IT Program keeps pace with evolution of technology
A recent Nielsen poll shows that 70 percent of consumers are familiar with the concept of wearable technology such as smartwatches and fitness bands, and nearly 15 percent of respondents own wearable devices.
“It’s an evolution,” said Dale Musser, MU associate teaching professor of computer science and director of the College of Engineering’s Information Technology Program.
“Mainframes to desktops to laptops to iPads to tablets to phones — computing is getting smaller and lighter. But you don’t wear them; you carry them. Wearables integrate with your activities.”
Musser has been what the Nielsen poll terms an “early adopter” of wearables. He has both a personal and a professional interest in technology’s ever-accelerating trends, especially since he is responsible for preparing students to join a workforce that embraces and initiates technology’s evolution. The IT program has offered a mobile apps class for five years, and this semester, Musser is advising the first MU IT student to develop an app for a smartwatch.
Musser has worn and evaluated several wearables, including the Pebble Smartwatch, the Samsung Galaxy Gear, the Sony Smartwatch 2 and Google Glass. He said he used all of them for at least a month to get a good feel for what people who use them go through.
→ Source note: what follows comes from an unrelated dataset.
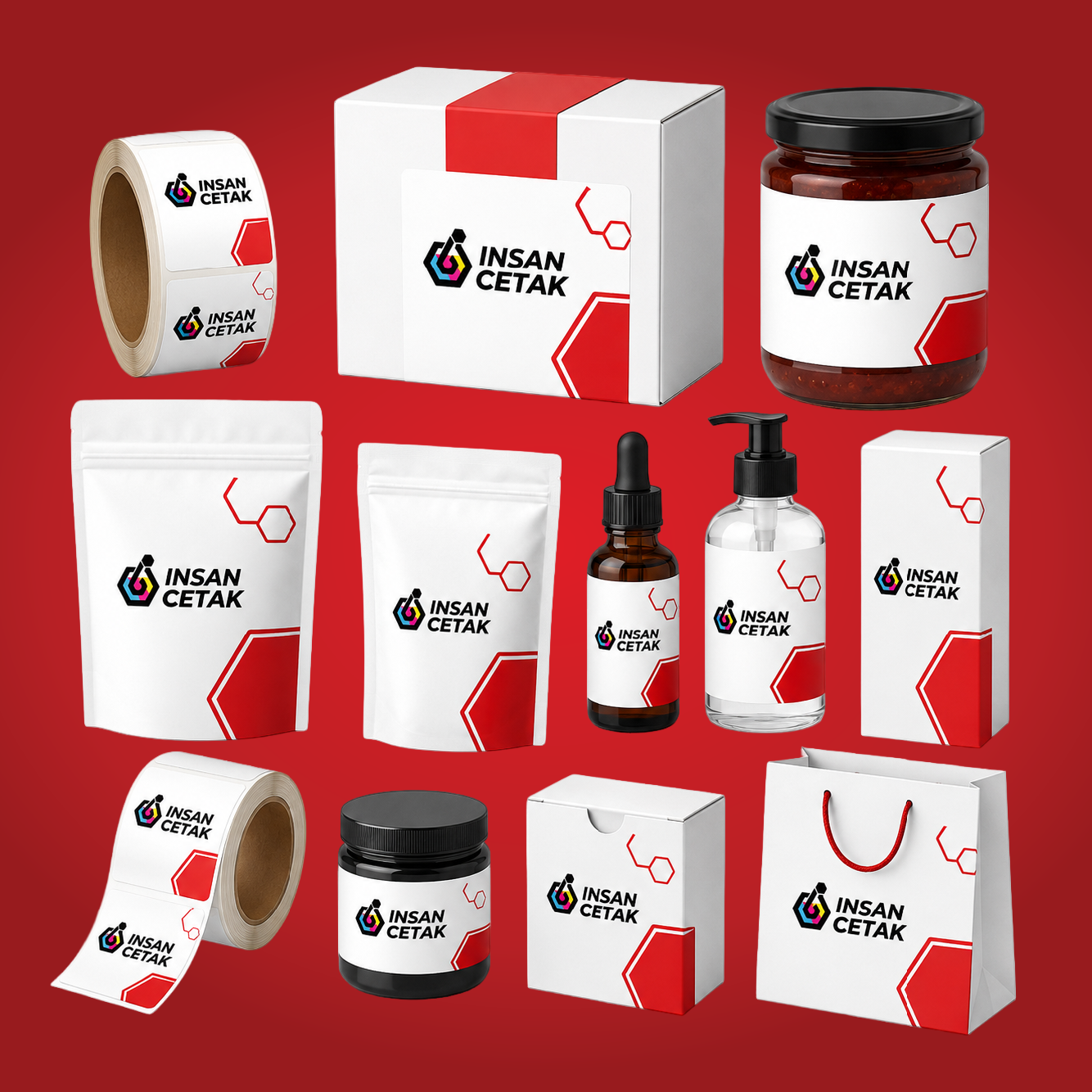 Label & Packaging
The independently produced Pebble came out first and is by some measures the most stylish of wearable offerings. Its primary function is as an interface with the wearer’s apps.
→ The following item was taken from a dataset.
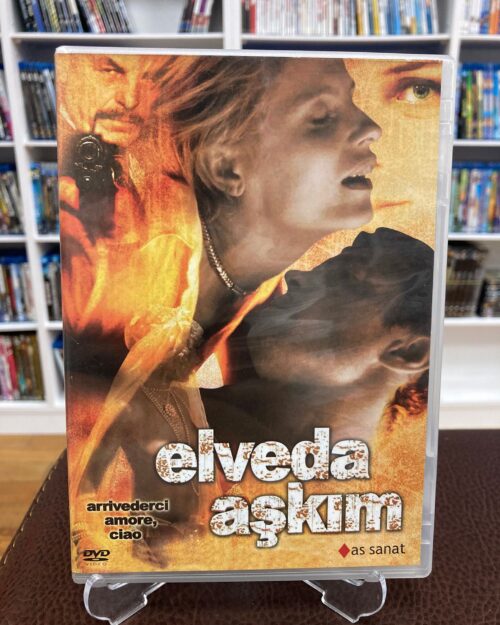 Elveda Aşkim DVD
“From an IT perspective, the Pebble is a good development platform for wearable experimentation because it is programmable and works with both Android and iOS platforms,” Musser said.
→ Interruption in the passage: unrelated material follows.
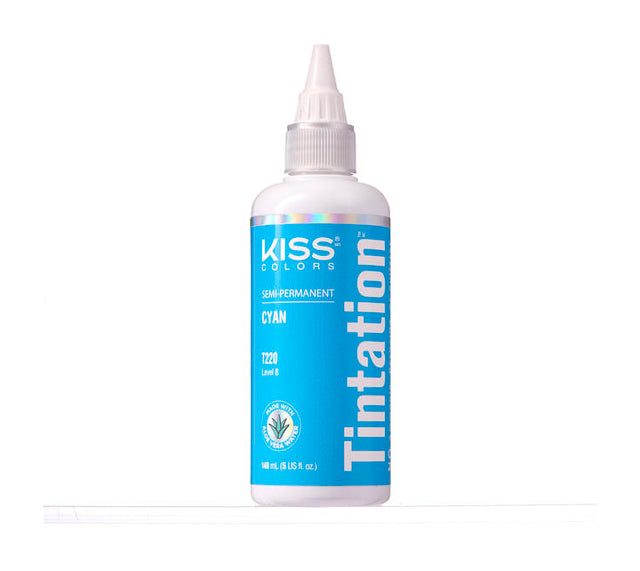 Kiss Colors Tintation Semi-Permanent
The Samsung Galaxy Gear is the first smartwatch with a camera and an in-clasp speaker and microphone. In the consumer market, it’s the first to be able to take and make a call. It connects via Bluetooth to your cell phone and you talk through the clasp. However, the original version offered no tools for developers. The just-released second version was released with tools — and the first off-band camera. It uses its own operating system, called Tinzen, which is compatible with television and not connected to Google so it is not totally invested in the Android platform.
The Sony Smartwatch 2, however, is programmable. Chris Shafer, a senior IT student, is working on an app for the Sony Smartwatch as an independent capstone with Musser.
“I’m developing a media control system for multiple devices to work together — a system that will link multiple forms of communication to easily control media playback on those devices,” said Shafer. “I’m using music as a demo.
“The smartwatch has a touchscreen as its main form of interaction. In my application, the watch face will display media buttons for touch interaction: next, previous, play/pause and volume,” Shafer said. “The idea is to be able to control devices while not actually interacting with them physically. You can control your media-playing device from a web interface, mobile application, smartwatch application and a desktop application.”
The Sony can be submerged in water up to a few feet, a feature that Shafer especially likes, although he has found the hardware isn’t as usable as it might be. Still, he sees the potential.
“I definitely see the future. With improved hardware and longer battery life, a smartwatch will be a necessary piece of attire,” Shafer said.
The other wearable Musser has put through its paces is the very experimental Google Glass. The actual device is self-contained in the frame that holds the eyepieces, which were added to make the technology less obtrusive.
“Google Glass is stand alone technology,” said Musser. “It’s everything you need: computer, Internet connection, camera, phone and battery. Touch and voice recognition are part of the user interface. You swipe forward and backward for history and to turn off or select things. It can use applications and we can write software for it.”
The frame by itself is off-putting for some, but with the glass eyepieces in place, they look much like regular eyeglasses. Musser said Google has partnered with Ray-Ban and Oakley to design and develop some stylish alternatives. In addition, corrective lenses are available for those who already wear glasses.
There are social, legal ethical and functional issues associated with this technology, Musser said. He cited the pirating of movies in a theatre setting as one example.
“There’s a real privacy issue. There’s a camera pointing directly at anyone or anything in front of you all the time,” he added.
Both Musser and Shafer agree that at this early stage, every day situational uses for consumers are less obvious than job-specific applications, though Musser noted one area with great potential would be language translation, both spoken and written.
Because Glass can be voice-controlled, people with disabilities also are on track to greatly benefit from the technology.
“They would be excellent for tracking stock in a warehouse,” said Shafer of a job-related task that could be simplified with Glass. “You could pull up items on the floor and it would track your progress.”
Musser said there is a need to look broadly at all possible uses for wearables to identify significant use cases.
“Right now, everything that these do, I could do another way. It’s a question of looking at potential benefits. We are still waiting for the magical use case.
“These are a fine beginning, but there will be all sorts of devices in the future,” Musser added.
Newer devices might be modeled as pendant — 53 percent of those who responded to the Nielsen survey wanted wearables to look more like fine jewelry — or sensors could be built into fabric that would track motion in the way a normal device never could.
“Our students are living in a technological age. We want to work with technologies that are relevant and train our students for the future,” Musser said.